Di François Nordmann, Le Temps
“Una potenza neutrale non è obbligata a impedire l’esportazione o il transito, per conto di uno o dell’altro dei belligeranti, di armi, munizioni e in generale di tutto ciò che può utile a un esercito o a una flotta”. Questo è il testo dell’articolo 7 relativo alle Convenzioni dell’Aja sui diritti e doveri delle potenze e delle persone neutrali in caso di guerra, del 27 gennaio 1907.
L’autorizzazione di riesportare munizioni fabbricate in Svizzera è diventata il test decisivo della politica di neutralità. Nel 2014, e poi nel 2016, il Consiglio federale – che gestisce attraverso le ordinanze il sistema di esportazione delle armi – ha ammorbidito questa pratica e ha autorizzato le problematiche consegne a paesi implicati in conflitti civili.
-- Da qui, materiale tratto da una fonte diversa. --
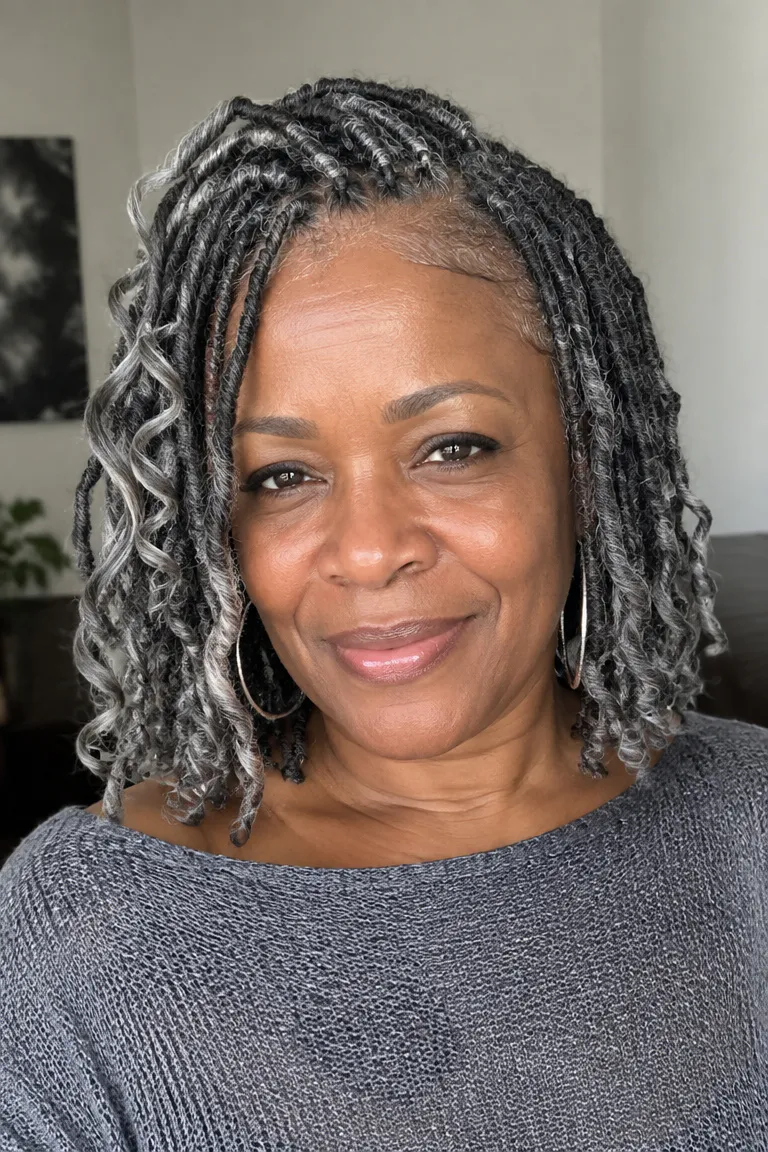 Lightweight gray crochet goddess locs with subtle curly accents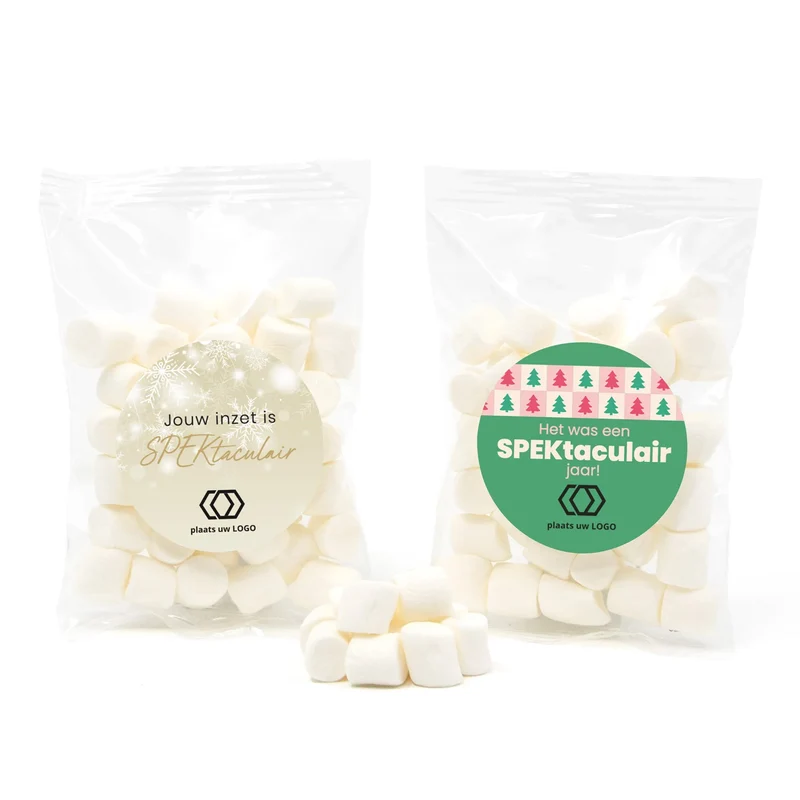 Zakje mini marshmallows met eigen etiket - Kerst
L’opinione pubblica ha reagito con forza, ed è stata lanciata una iniziativa sostenuta di diversi partiti e organizzazioni. Il governo federale non si è limitato a contrastarla: le ha opposto un contro-progetto indiretto. In futuro, la legge avrebbe fissato i criteri di esportazione, e non più una semplice ordinanza: solo il parlamento avrebbe potuto modificarla, e non il Consiglio federale.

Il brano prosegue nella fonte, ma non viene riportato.